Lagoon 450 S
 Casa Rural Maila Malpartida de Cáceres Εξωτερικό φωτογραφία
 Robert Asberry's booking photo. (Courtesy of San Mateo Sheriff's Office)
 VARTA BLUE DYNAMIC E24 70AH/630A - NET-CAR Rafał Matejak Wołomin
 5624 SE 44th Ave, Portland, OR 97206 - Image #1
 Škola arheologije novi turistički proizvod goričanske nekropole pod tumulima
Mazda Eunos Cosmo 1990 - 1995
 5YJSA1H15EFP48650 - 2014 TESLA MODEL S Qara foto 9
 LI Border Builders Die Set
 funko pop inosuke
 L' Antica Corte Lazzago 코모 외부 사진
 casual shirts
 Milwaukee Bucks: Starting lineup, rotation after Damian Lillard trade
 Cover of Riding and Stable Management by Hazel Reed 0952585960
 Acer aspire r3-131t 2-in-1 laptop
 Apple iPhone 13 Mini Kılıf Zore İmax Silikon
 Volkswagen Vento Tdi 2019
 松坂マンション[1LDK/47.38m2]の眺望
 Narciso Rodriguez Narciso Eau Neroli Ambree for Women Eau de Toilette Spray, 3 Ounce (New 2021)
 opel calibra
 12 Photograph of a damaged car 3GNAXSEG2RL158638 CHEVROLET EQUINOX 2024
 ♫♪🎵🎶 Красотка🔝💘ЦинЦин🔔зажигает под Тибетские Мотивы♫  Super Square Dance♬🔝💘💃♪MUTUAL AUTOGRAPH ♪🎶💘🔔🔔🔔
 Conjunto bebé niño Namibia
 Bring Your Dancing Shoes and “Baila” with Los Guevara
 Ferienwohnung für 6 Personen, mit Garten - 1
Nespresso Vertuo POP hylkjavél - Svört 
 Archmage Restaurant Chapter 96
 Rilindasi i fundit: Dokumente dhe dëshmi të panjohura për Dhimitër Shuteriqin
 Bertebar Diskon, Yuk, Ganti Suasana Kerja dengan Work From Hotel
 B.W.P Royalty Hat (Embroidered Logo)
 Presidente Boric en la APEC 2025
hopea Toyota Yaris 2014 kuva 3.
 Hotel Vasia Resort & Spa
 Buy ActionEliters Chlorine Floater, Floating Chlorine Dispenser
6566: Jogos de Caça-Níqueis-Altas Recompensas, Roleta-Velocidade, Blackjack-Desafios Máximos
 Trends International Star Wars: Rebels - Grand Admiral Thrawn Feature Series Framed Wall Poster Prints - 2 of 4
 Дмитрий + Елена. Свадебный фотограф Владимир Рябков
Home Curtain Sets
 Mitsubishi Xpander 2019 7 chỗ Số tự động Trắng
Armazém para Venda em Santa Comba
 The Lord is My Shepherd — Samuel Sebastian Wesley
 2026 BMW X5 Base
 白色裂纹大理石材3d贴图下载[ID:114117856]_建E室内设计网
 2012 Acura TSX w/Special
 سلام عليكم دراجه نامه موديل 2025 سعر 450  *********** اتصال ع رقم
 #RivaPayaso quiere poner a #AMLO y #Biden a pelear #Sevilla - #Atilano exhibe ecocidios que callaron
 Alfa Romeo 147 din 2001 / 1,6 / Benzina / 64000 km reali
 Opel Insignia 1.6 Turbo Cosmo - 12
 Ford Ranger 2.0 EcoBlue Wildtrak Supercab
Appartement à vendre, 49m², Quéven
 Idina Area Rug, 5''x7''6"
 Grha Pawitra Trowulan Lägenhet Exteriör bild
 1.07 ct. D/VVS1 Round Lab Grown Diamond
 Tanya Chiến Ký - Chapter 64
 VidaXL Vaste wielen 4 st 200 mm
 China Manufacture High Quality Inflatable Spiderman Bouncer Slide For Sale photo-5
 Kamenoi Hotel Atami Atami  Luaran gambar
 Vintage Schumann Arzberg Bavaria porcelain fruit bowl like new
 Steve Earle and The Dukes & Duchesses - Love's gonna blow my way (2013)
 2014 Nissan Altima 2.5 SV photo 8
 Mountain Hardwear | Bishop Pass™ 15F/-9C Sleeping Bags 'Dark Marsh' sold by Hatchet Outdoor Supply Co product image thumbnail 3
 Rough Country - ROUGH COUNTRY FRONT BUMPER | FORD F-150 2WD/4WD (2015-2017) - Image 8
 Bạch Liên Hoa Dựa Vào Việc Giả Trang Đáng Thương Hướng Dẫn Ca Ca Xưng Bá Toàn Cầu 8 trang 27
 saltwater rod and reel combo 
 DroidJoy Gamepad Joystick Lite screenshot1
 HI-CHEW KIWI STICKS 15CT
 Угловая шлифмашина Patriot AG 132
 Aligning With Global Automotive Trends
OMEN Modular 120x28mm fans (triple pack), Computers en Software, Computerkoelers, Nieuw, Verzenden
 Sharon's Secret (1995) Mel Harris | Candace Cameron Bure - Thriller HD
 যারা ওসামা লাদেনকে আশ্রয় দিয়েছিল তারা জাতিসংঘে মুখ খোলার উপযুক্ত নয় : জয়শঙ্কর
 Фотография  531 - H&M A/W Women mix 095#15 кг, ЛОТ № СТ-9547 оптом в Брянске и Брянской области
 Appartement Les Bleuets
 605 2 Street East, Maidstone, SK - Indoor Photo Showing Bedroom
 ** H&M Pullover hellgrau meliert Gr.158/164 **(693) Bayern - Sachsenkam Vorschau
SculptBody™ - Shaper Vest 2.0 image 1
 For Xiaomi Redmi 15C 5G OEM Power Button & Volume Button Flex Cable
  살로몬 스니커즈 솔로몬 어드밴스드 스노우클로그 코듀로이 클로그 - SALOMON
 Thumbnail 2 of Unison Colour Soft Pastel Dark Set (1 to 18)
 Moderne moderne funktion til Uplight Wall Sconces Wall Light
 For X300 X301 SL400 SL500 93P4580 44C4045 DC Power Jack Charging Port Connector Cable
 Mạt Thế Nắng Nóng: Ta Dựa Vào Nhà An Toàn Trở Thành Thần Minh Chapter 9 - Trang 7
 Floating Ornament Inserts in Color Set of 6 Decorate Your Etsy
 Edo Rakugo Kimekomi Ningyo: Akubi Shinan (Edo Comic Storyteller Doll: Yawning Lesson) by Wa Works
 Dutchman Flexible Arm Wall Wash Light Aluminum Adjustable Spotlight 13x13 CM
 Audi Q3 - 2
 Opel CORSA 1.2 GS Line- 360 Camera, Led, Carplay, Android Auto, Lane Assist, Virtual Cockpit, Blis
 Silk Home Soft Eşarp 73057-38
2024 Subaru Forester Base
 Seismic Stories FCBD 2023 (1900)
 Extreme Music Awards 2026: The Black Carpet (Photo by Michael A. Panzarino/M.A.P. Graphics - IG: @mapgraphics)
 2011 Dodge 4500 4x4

- [TASK DETAILS] In the entries above, find the line with "Casa Rural Maila" and the line with "opel calibra", then restate word for word both of them and every line between, with nothing more.

- [EXERCISE ANSWER]
 Casa Rural Maila Malpartida de Cáceres Εξωτερικό φωτογραφία
 Robert Asberry's booking photo. (Courtesy of San Mateo Sheriff's Office)
 VARTA BLUE DYNAMIC E24 70AH/630A - NET-CAR Rafał Matejak Wołomin
 5624 SE 44th Ave, Portland, OR 97206 - Image #1
 Škola arheologije novi turistički proizvod goričanske nekropole pod tumulima
Mazda Eunos Cosmo 1990 - 1995
 5YJSA1H15EFP48650 - 2014 TESLA MODEL S Qara foto 9
 LI Border Builders Die Set
 funko pop inosuke
 L' Antica Corte Lazzago 코모 외부 사진
 casual shirts
 Milwaukee Bucks: Starting lineup, rotation after Damian Lillard trade
 Cover of Riding and Stable Management by Hazel Reed 0952585960
 Acer aspire r3-131t 2-in-1 laptop
 Apple iPhone 13 Mini Kılıf Zore İmax Silikon
 Volkswagen Vento Tdi 2019
 松坂マンション[1LDK/47.38m2]の眺望
 Narciso Rodriguez Narciso Eau Neroli Ambree for Women Eau de Toilette Spray, 3 Ounce (New 2021)
 opel calibra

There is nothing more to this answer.